Intel、高性能と省電力の両立を図った新Xeonプロセッサを発表――3.0GHz動作の高速モデルと低消費電力タイプの2製品

 Intelは8月14日、高性能と省電力の両立を特徴とするサーバ向けのクアッドコアCPU、Intel XeonプロセッサX5365およびL5335の2製品を発表した。同社によると、両製品を搭載したサーバは、待機時における消費電力が従来製品と比べて最大50%まで低減されるという。

 X5365は、クロック周波数3.0GHzの高速モデルであり、高い性能を必要とするサーバおよびワークステーション・アプリケーション向けのCPUである。 3.0GHzを超えるタイプで、熱設計電力(ピーク時における最大消費電力)を120ワット以内に抑えられるクアッドコアCPUは業界初(同社の発表)という。また、フロントサイド・バス(FSB)についても、シングルコアXeonプロセッサの場合と比べて3倍となる1,333MHzを達成しており、より高速になっている。

 一方、L5335は省電力をさらに追求したモデルであり、電力効率を重視するサーバ向けのCPUである。1コアあたりの熱設計電力はわずか12.5ワットで、クアッドコア全体でも50ワット以内に抑えられるのが最大の特徴という。同製品のクロック周波数は2.0GHzで、こちらも1,333MHzの高速FSBを備えるなど、高い性能は保持している。

 両CPUにはまた、仮想化を効率化させ、電力効率をさらに改善するための技術が組み込まれている。具体的には、64ビットのゲストOSをサポートするIntel Virtualization Technologyの採用に加えて、32ビットOSのWindowsの仮想化を実行する際の割り込み処理能力を向上させた新しい拡張命令が取り入れられているという。

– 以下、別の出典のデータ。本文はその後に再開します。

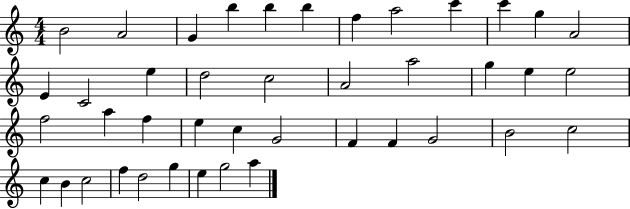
{
  \clef treble
  \numericTimeSignature
  \time 4/4
  \key c \major
  b'2 a'2 | g'4 b''4 b''4 b''4 | f''4 a''2 c'''4 | c'''4 g''4 a'2 | \break e'4 c'2 e''4 | d''2 c''2 | a'2 a''2 | g''4 e''4 e''2 | \break f''2 a''4 f''4 | e''4 c''4 g'2 | f'4 f'4 g'2 | b'2 c''2 | \break c''4 b'4 c''2 | f''4 d''2 g''4 | e''4 g''2 a''4 | \bar "|."
}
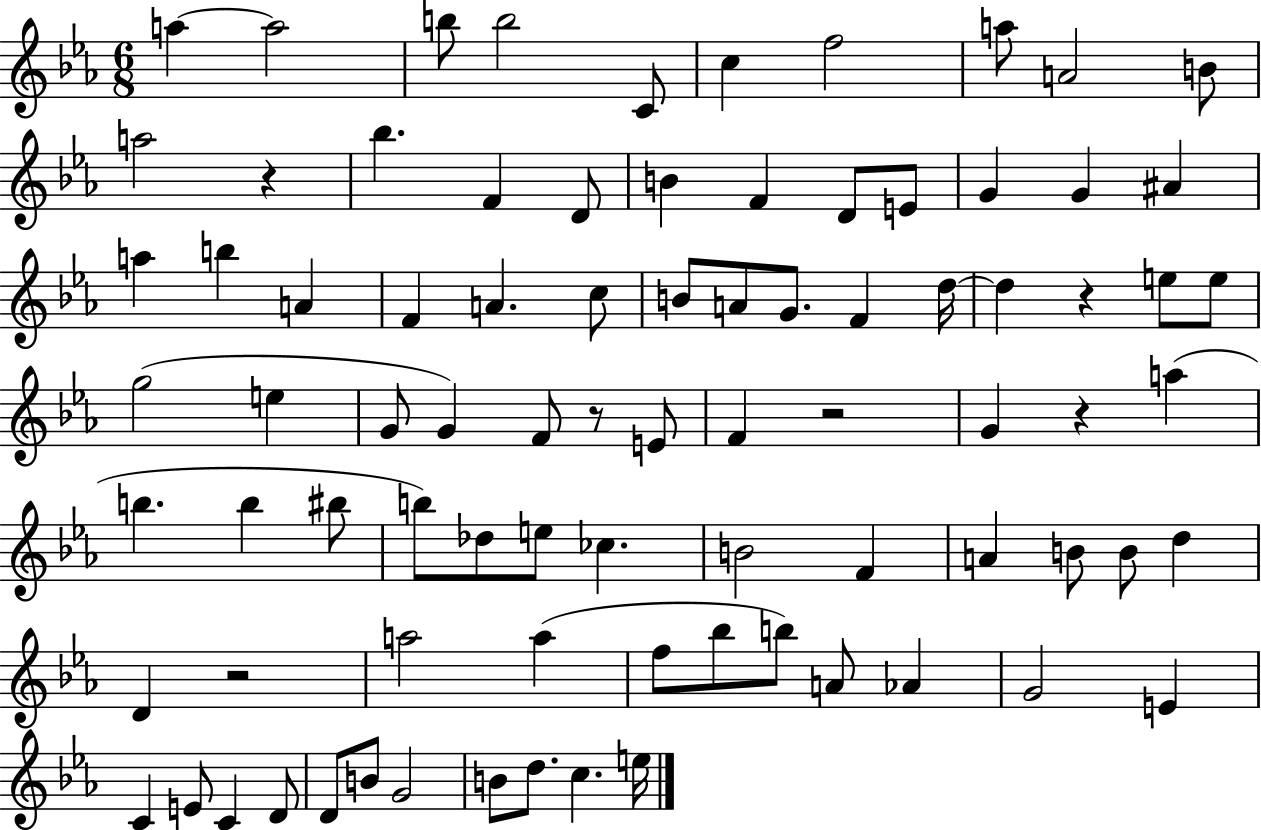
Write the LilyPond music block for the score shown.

{
  \clef treble
  \numericTimeSignature
  \time 6/8
  \key ees \major
  a''4~~ a''2 | b''8 b''2 c'8 | c''4 f''2 | a''8 a'2 b'8 | \break a''2 r4 | bes''4. f'4 d'8 | b'4 f'4 d'8 e'8 | g'4 g'4 ais'4 | \break a''4 b''4 a'4 | f'4 a'4. c''8 | b'8 a'8 g'8. f'4 d''16~~ | d''4 r4 e''8 e''8 | \break g''2( e''4 | g'8 g'4) f'8 r8 e'8 | f'4 r2 | g'4 r4 a''4( | \break b''4. b''4 bis''8 | b''8) des''8 e''8 ces''4. | b'2 f'4 | a'4 b'8 b'8 d''4 | \break d'4 r2 | a''2 a''4( | f''8 bes''8 b''8) a'8 aes'4 | g'2 e'4 | \break c'4 e'8 c'4 d'8 | d'8 b'8 g'2 | b'8 d''8. c''4. e''16 | \bar "|."
}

 発表に際し、同社デジタル・エンタープライズ事業本部バイスプレジデント兼サーバ・プラットフォーム事業部長のカーク・スカウゲン氏は、「Coreマイクロアーキテクチャなどの技術によって、同じ周波数のデュアルコアXeonおよびクアッドコアXeonを、ほぼ同一の価格帯で提供することが可能になった。エンドユーザーに対して、よりいっそう高い付加価値を提供し、クアッドコアCPUの市場への普及を加速させていく」と語っている。

 なお両プロセッサは、Dell、富士通、HP、IBMといった40以上のシステム・ベンダーによりサポートされており、既存のクアッドコアXeon搭載プラットフォームでそのまま利用できるという。

 両製品の価格(1,000個受注時)は、X5365が14万300円、L5335が4万5,500円で、出荷は発表日と同じ年8月14日から始まっている。